Python TypeError in regex
So, I have this code:
url = 'http://google.com' linkregex = re.compile('<a\s*href=[\'|"](.*?)[\'"].*?>') m = urllib.request.urlopen(url) msg = m.read() links = linkregex.findall(msg) But then python returns this error:
links = linkregex.findall(msg) TypeError: can't use a string pattern on a bytes-like object What have I done wrong?
TypeError: can't use a string patternon a bytes-like objectWhat did I do wrong?
You used a string pattern in a bytes object. Use a byte pattern instead:
linkregex = re.compile(b'<a\s*href=[\'|"](.*?)[\'"].*?>') ^ Add the b there, it makes it into a bytes object (ps:
>>> from disclaimer include dont_use_regexp_on_html "Use BeautifulSoup or lxml instead." )
If you are using Python 2.6, there is no "request" in "urllib". So the third line becomes:
m = urllib.urlopen(url) And in version 3 you should use this:
links = linkregex.findall(str(msg)) Because "msg" is a byte object, not a string, as findall () expects. Or you can decode using the correct encoding. For example, if "latin1" is an encoding, then:
links = linkregex.findall(msg.decode("latin1")) Well, my version of Python does not have urllib with the request attribute, but if I use "urllib.urlopen (url)", I do not return a string, I get an object. This is a type error.
The URL that you didn’t work for me for Google, so I replaced http://www.google.com/ig?hl=en with it, which works for me.
Try the following:
import re import urllib.request url="http://www.google.com/ig?hl=en" linkregex = re.compile('<a\s*href=[\'|"](.*?)[\'"].*?>') m = urllib.request.urlopen(url) msg = m.read(): links = linkregex.findall(str(msg)) print(links) Hope this helps.

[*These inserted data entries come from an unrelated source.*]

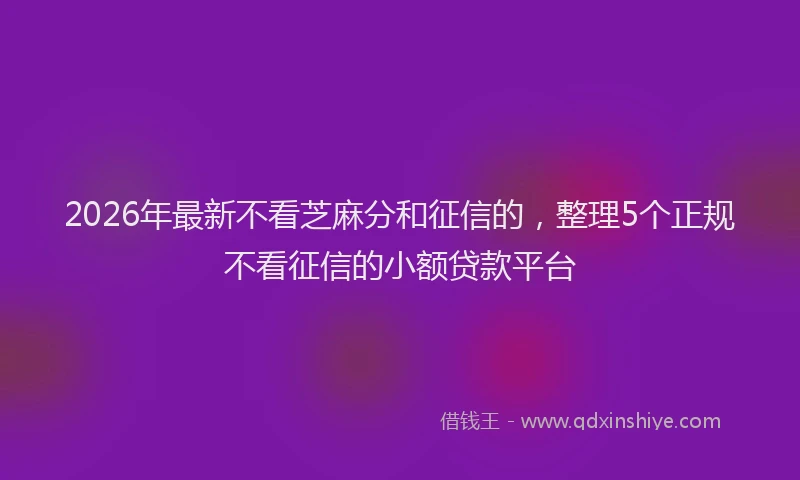 2026年最新不看芝麻分和征信的，整理5个正规不看征信的小额贷款平台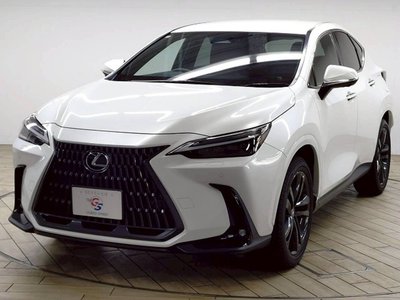 صورة مصغرة 66 لـ 2024 Lexus NX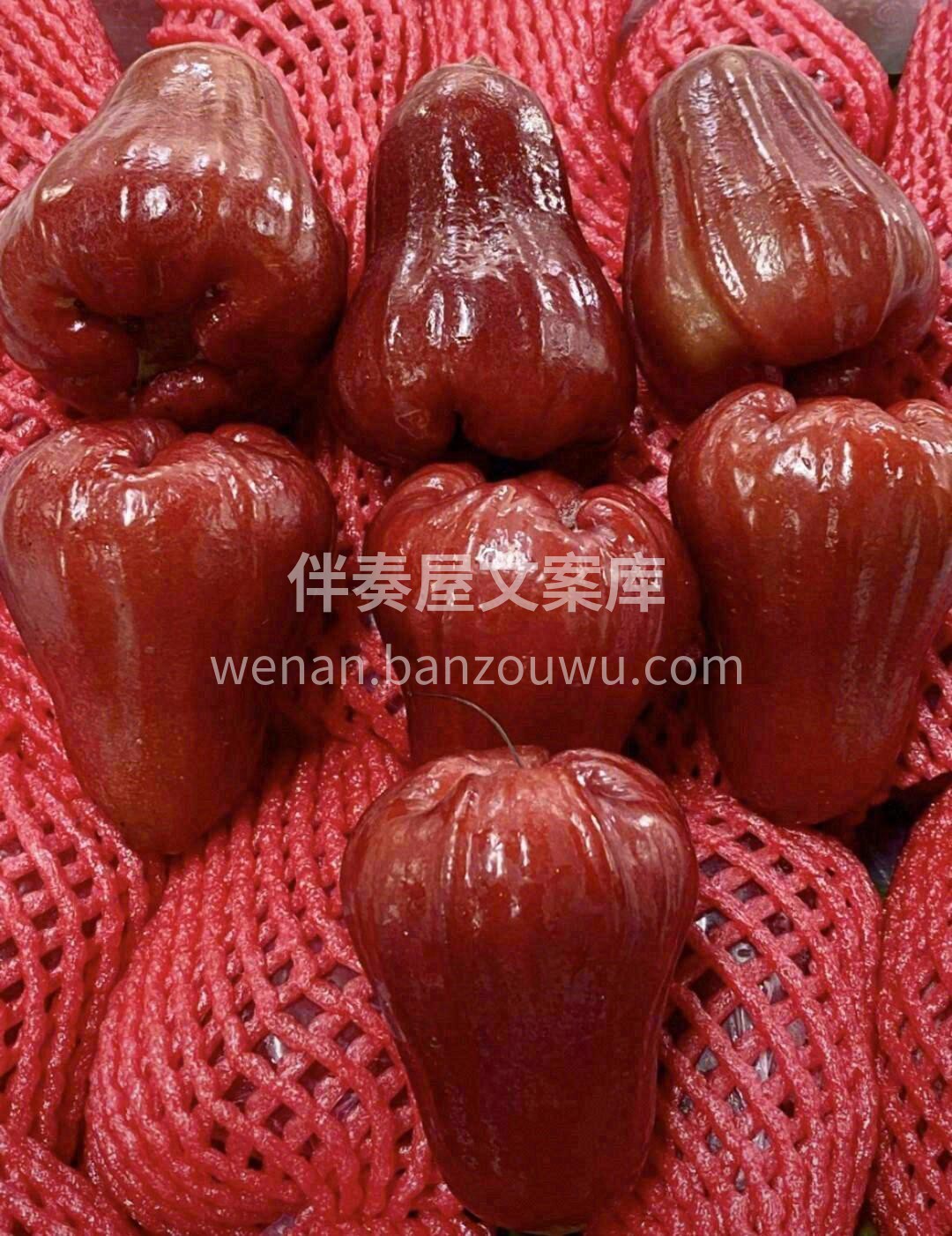 黑金刚莲雾♥️ 真正意义上的“水”果 脆 配图2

The regex pattern and string must be of the same type. If you match a regular string, you need a string pattern. If you are matching a byte string, you need a byte pattern.

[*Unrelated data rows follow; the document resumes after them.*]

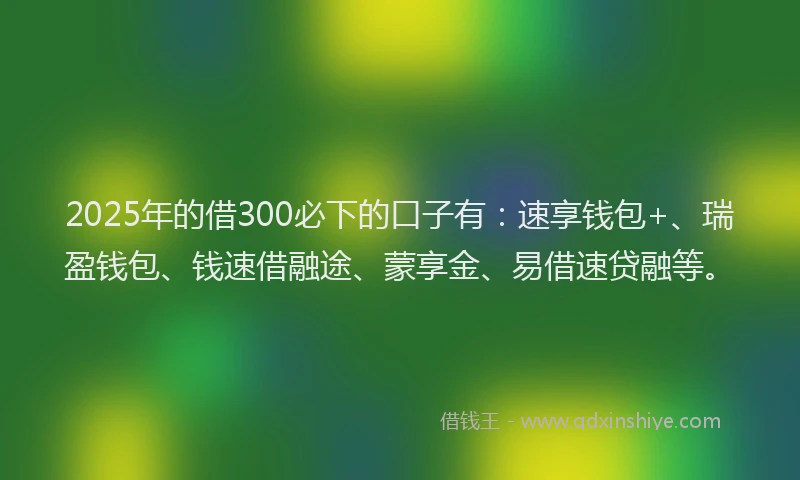 2025年的借300必下的口子有：速享钱包+、瑞盈钱包、钱速借融途、蒙享金、易借速贷融等。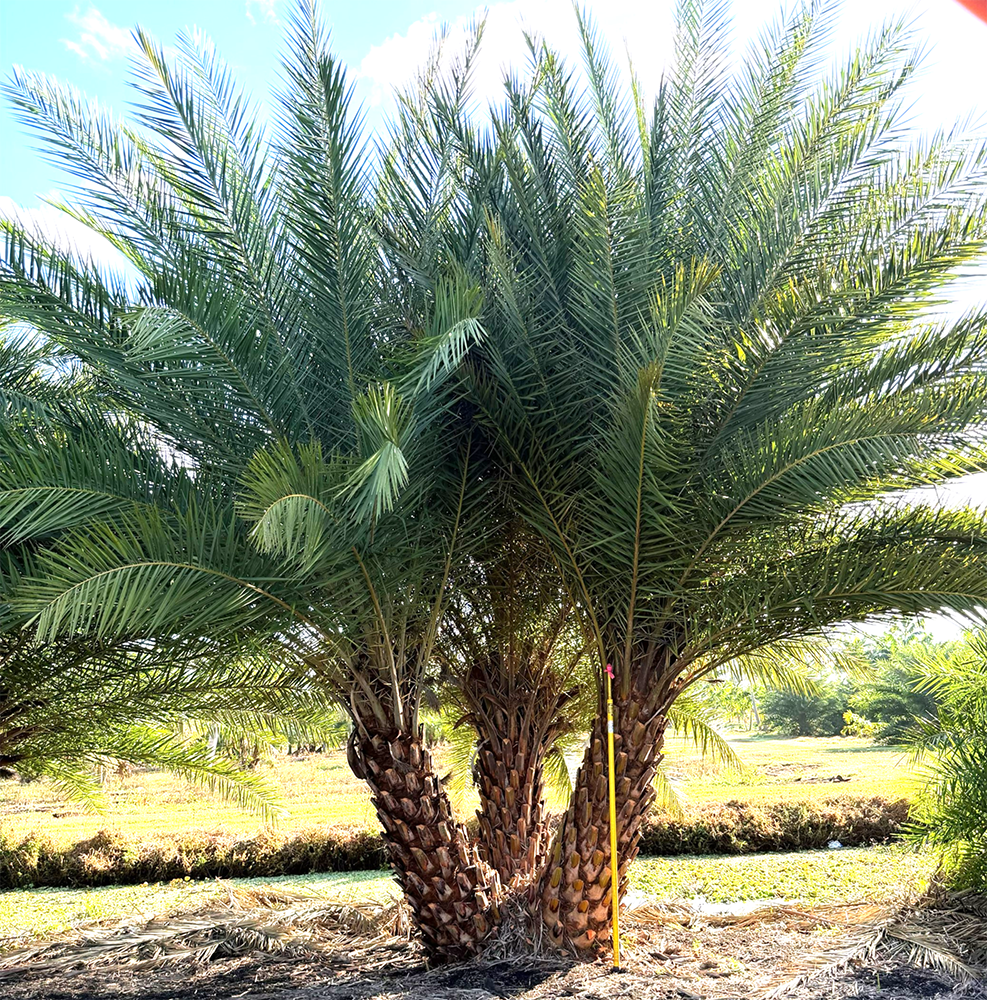 Large-Scale Palms & Trees - Carpoxylon macrospermum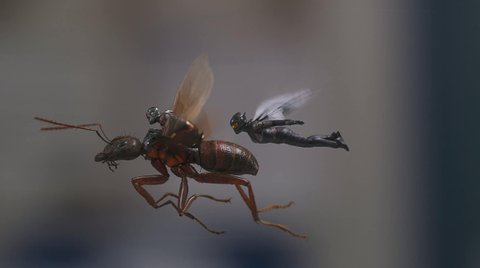 ant man and the wasp hindi audio track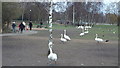 Swans by Ruislip Lido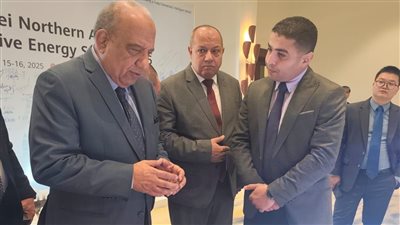 وزير الكهرباء: شبكات ذكية وتقنيات متقدمة لدعم دمج الطاقة المتجددة وضمان أمن الطاقة
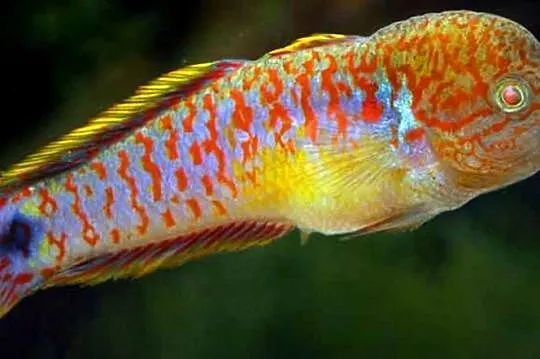 Głowaczyk barwny - Tateurndina Ocellicauda - WYSYŁAMY, Pomorskie, Gdańsk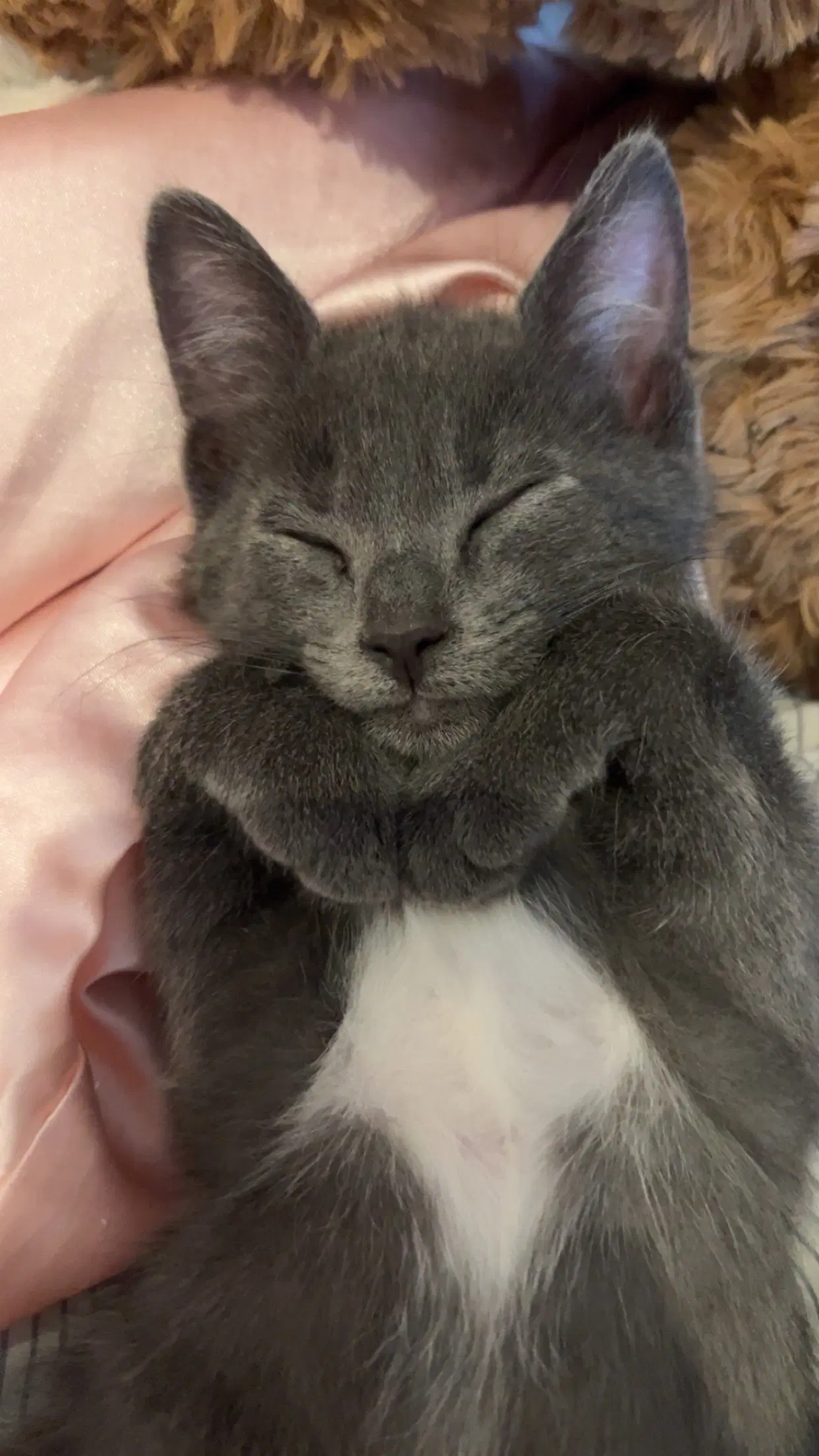 Sharky And Chili - Russian Blue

In this case, m.read () returns a string of bytes, so you need a byte pattern. In Python 3, regular strings are unicode strings, and you need the b modifier to specify the string literal of the string:
linkregex = re.compile(b'<a\s*href=[\'|"](.*?)[\'"].*?>') This worked for me in python3. Hope this helps
import urllib.request import re urls = ["https://google.com","https://nytimes.com","http://CNN.com"] i = 0 regex = '<title>(.+?)</title>' pattern = re.compile(regex) while i < len(urls) : htmlfile = urllib.request.urlopen(urls[i]) htmltext = htmlfile.read() titles = re.search(pattern, str(htmltext)) print(titles) i+=1 And also this in which I added b before regex to convert it to an array of bytes.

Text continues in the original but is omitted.